After completing its investigation, the New Taipei City District Prosecutors’ Office said there would be no charges filed against the four suspects, three of whom are university students, over the vandalism on Feb. 28, the 70th anniversary of the 228 Incident.
Investigators said that on Feb. 28, a dozen people gathered on the university’s campus with a portable electric grinder and hand tools to deface the statue.
Photo: CNA
Bystanders called the police, who arrived after the group had broken off the bronze statue’s cane, the investigators said, adding that a confrontation ensued after police tried to stop the group, with both sides later saying they sustained minor cuts and bruises.
Police apprehended four people and sought to press charges of obstructing an officer in discharge of their duties.
However, prosecutors yesterday said the charges were dropped because the four were not violent and did not resist arrest.

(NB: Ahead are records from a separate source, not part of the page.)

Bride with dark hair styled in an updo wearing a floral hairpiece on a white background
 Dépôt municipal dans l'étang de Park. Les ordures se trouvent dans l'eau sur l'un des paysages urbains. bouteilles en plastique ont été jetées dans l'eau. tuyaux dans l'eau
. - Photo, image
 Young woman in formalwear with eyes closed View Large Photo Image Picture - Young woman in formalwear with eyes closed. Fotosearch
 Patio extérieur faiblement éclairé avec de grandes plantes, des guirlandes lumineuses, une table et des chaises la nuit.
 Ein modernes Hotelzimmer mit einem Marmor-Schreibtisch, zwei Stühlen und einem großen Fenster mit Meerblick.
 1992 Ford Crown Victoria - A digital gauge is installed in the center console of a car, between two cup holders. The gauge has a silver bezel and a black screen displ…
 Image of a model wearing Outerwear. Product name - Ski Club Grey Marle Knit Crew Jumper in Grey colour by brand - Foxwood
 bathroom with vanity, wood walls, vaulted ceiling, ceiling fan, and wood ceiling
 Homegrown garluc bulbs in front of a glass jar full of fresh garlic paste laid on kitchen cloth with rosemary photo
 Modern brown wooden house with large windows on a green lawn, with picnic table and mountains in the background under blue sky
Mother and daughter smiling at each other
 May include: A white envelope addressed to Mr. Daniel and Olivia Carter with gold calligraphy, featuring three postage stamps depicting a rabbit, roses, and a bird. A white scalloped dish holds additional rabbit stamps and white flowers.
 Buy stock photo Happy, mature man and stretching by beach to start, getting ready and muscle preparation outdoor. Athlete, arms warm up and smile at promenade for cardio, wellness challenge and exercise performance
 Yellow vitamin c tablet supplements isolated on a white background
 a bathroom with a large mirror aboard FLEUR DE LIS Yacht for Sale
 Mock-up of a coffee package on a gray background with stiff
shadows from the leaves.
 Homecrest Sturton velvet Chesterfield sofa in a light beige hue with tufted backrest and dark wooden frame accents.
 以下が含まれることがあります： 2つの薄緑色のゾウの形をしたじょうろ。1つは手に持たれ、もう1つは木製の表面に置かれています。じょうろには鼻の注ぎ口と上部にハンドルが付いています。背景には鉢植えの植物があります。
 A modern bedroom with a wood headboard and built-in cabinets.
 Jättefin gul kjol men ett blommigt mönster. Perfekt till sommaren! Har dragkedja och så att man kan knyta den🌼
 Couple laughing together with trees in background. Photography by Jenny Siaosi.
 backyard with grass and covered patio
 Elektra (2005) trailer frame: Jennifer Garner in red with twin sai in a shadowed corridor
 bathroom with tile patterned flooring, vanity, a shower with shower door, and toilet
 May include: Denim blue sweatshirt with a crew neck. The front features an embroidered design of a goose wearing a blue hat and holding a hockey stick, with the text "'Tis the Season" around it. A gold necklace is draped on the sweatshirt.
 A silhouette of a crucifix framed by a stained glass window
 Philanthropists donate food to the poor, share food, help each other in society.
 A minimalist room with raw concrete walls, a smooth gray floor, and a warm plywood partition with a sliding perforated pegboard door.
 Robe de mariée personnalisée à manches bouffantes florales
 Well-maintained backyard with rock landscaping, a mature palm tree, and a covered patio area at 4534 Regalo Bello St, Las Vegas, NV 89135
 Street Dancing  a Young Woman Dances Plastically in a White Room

Photo: Lee Ya-wen, Taipei Times
Investigators quoted one of the students, surnamed Lo (羅), as saying during questioning that “the statue of Chiang Kai-shek symbolizes the past authoritarian dictatorship. It should not continue to stand inside schools. We just wanted to remove it.”
Separately yesterday, a statue of Chiang at Zhongzheng Senior High School in Taipei’s Beitou District (北投) was found decapitated and covered with the slogan “No removal, no name change; then it is decapitation” written in white paint.
School officials called the police after learning of the incident in the morning.
There has been a campaign by local residents and pro-Taiwan civic groups calling for the school’s original name, Shilin High School, to be restored.
The then-Chinese Nationalist Party (KMT) regime mandated the name change in 1975 to commemorate Chiang, who died earlier that year. Zhongzheng (中正) is the adulatory name used by the cult of personality that worships Chiang.
Local residents have cited the current name’s political connotations when lending their support to the campaign, and many still refer to the school by its old name.
Taipei police said they dispatched a forensics team to gather evidence and examine surveillance camera footage of the incident.